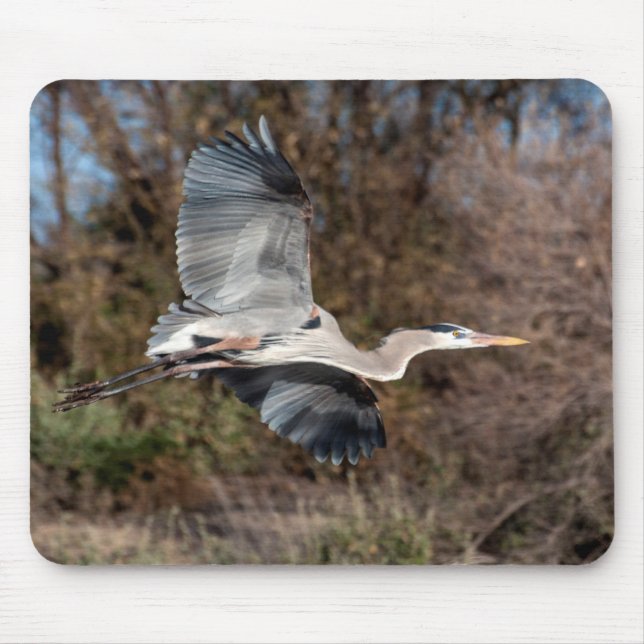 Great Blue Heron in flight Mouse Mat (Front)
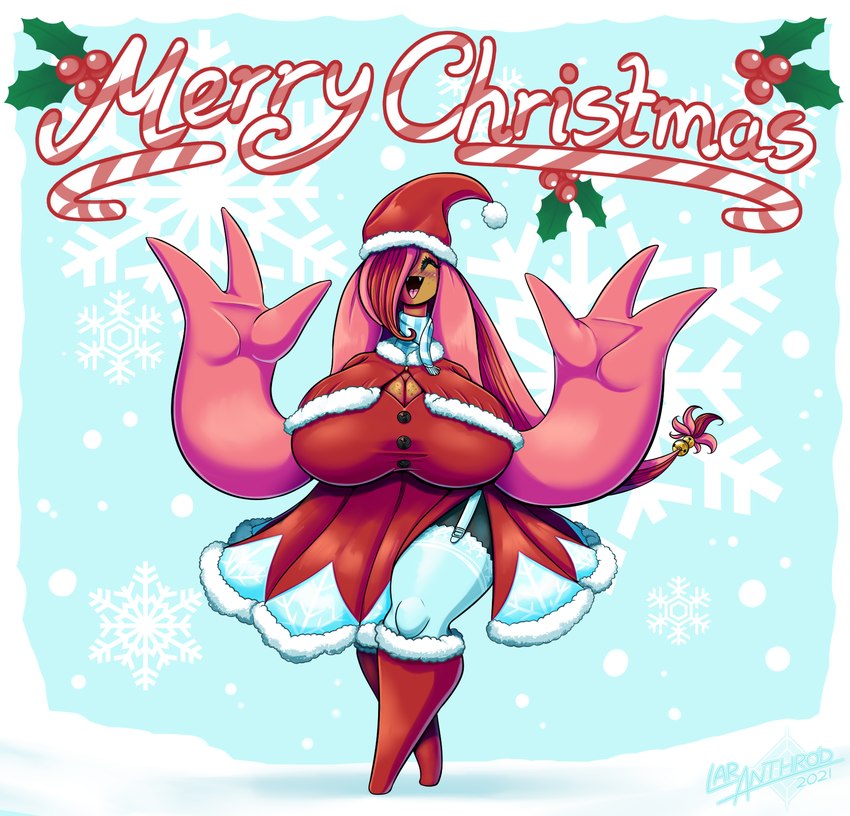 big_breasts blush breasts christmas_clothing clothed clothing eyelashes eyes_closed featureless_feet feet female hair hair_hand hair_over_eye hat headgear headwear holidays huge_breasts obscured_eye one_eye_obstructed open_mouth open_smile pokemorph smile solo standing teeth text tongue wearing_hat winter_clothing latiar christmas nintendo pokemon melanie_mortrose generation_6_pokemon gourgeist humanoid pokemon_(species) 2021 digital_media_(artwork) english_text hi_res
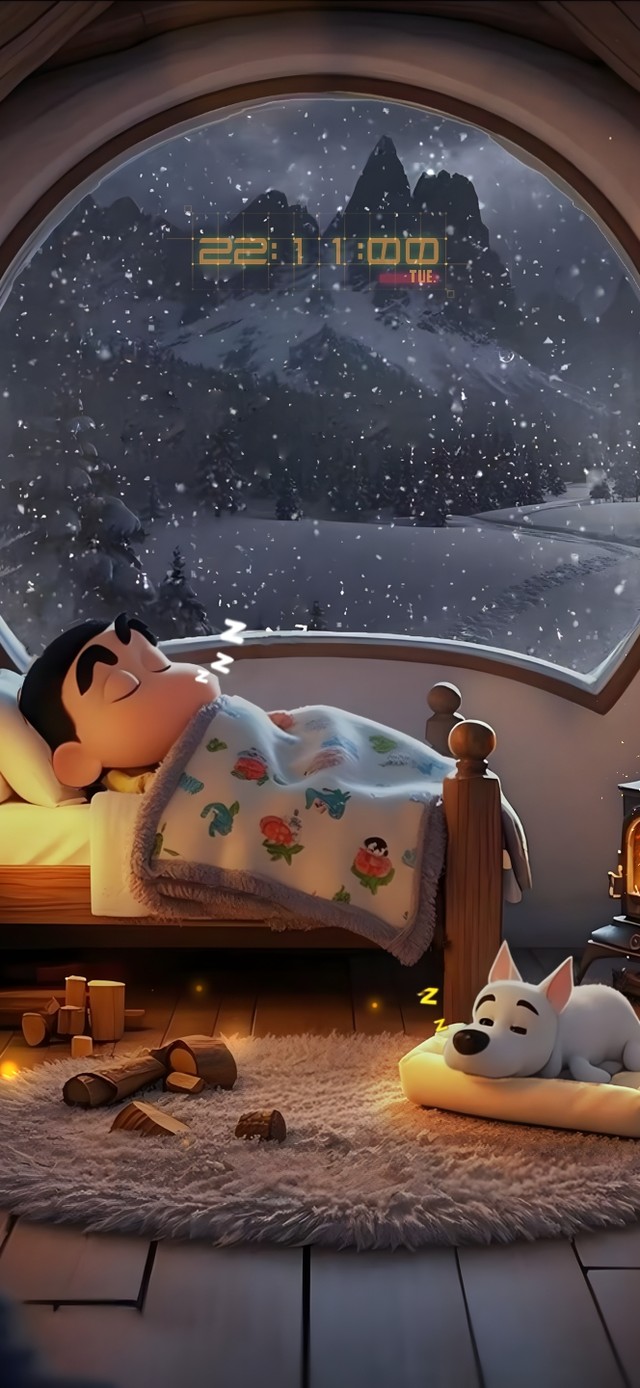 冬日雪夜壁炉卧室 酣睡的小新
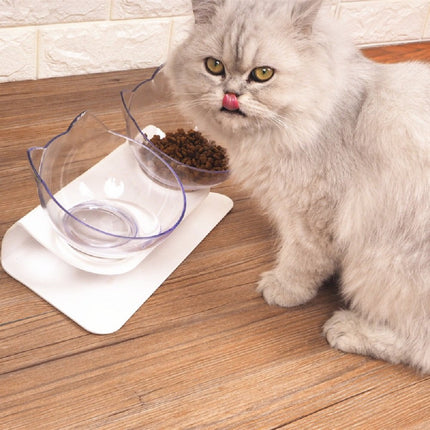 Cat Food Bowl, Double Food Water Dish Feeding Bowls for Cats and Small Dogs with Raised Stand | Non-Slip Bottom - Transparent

INSTRUCTIONS FOR THE TASK: Print the lines from the one that contains "big_breasts blush breasts" through the last line of the data, exactly and in full, and no other lines. Pictures are not part of the copy.

EXERCISE RESULT:
 big_breasts blush breasts christmas_clothing clothed clothing eyelashes eyes_closed featureless_feet feet female hair hair_hand hair_over_eye hat headgear headwear holidays huge_breasts obscured_eye one_eye_obstructed open_mouth open_smile pokemorph smile solo standing teeth text tongue wearing_hat winter_clothing latiar christmas nintendo pokemon melanie_mortrose generation_6_pokemon gourgeist humanoid pokemon_(species) 2021 digital_media_(artwork) english_text hi_res
 冬日雪夜壁炉卧室 酣睡的小新
 Cat Food Bowl, Double Food Water Dish Feeding Bowls for Cats and Small Dogs with Raised Stand | Non-Slip Bottom - Transparent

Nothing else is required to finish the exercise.